Breakfast bake

Thanks to this tempting breakfast bake dish from recipes+ you can enjoy this vegetarian beauty baked rather than fried, to cut down on kilojoules and save on the washing up.

  • 10 mins preparation
  • 25 mins cooking
  • Serves 6
  • Print


Breakfast bake
  • 6 thick slices (about 200g) sourdough bread, roughly torn
  • 1 medium red capsicum, cut into 2cm pieces
  • 1 medium yellow capsicum, thickly sliced
  • 1 large red onion, halved, cut into wedges
  • 250 gram cherry tomatoes
  • olive oil cooking spray
  • 1/4 cup chopped flat-leaf parsley
  • 150 gram fresh low-fat ricotta
  • 6 eggs, at room temperature


Breakfast bake
  • 1
    Preheat oven to 200°C (180°C fan-forced).

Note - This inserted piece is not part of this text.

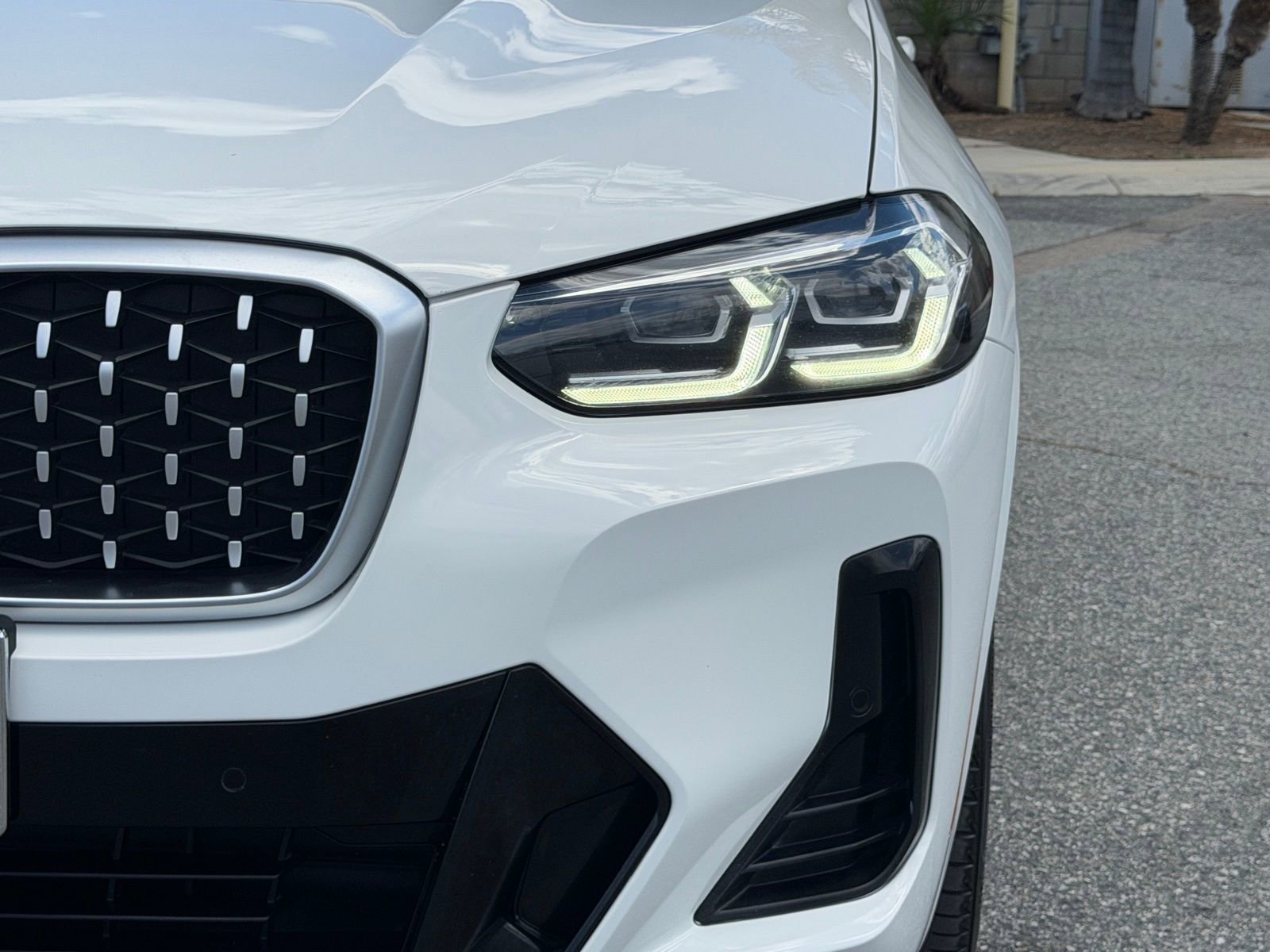 Used 2023 BMW X4 xDrive30i w/ M Sport Package image 13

Combine bread, capsicum, onion and tomatoes in a roasting pan. Spray with oil; season with salt and pepper and toss to combine.
  • 2
    Bake for 15 minutes or until vegies are tender, turning bread and vegies halfway through cooking. Remove from oven.
  • 3
    Make 6 indents in vegie mixture. Sprinkle parsley over vegies. Dot with ricotta. Carefully crack an egg into each indent. Bake for 7-10 minutes or until eggs are cooked. Serve at once.